Where an entry holds an image, leave the image out; otherwise reproduce the entry exactly.

Start of Block

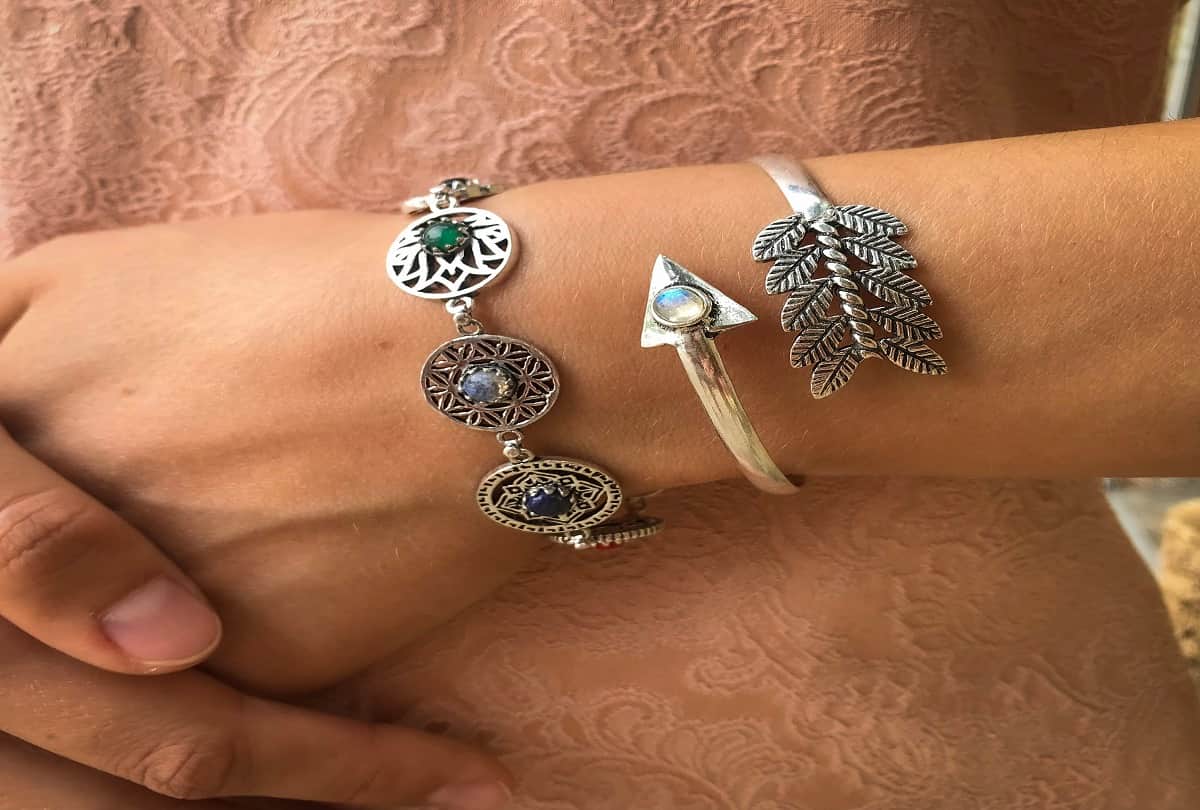 fashion tips carry these four accessories for looking stylish and glamorous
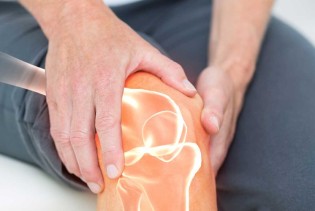 Narodni lijek za bolna koljena: Obloga od kupusa za olakšanje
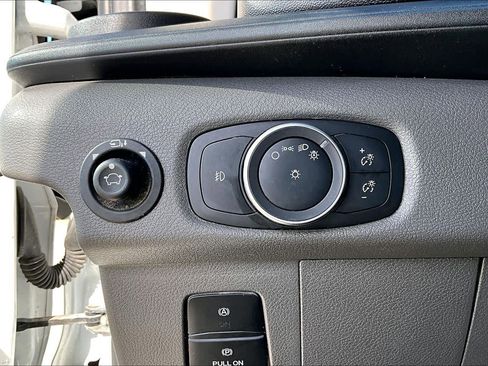 Used 2022 Ford Transit 350 XLT image 29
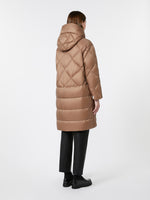 Down jacket in iridescent water-repellent fabric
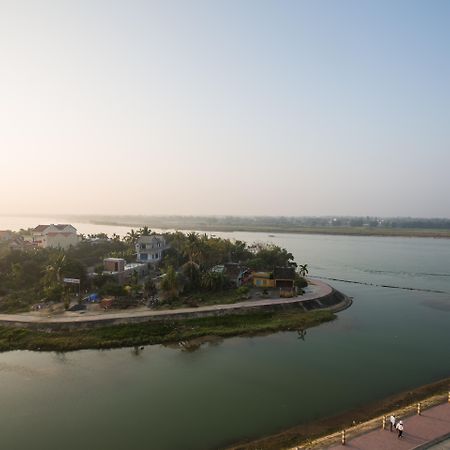 Royal Riverside Hoi An Hotel & Spa מראה חיצוני תמונה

End of Block

■ PROBLEM SOLUTION:
 fashion tips carry these four accessories for looking stylish and glamorous
 Narodni lijek za bolna koljena: Obloga od kupusa za olakšanje
 Used 2022 Ford Transit 350 XLT image 29
 Down jacket in iridescent water-repellent fabric
 Royal Riverside Hoi An Hotel & Spa מראה חיצוני תמונה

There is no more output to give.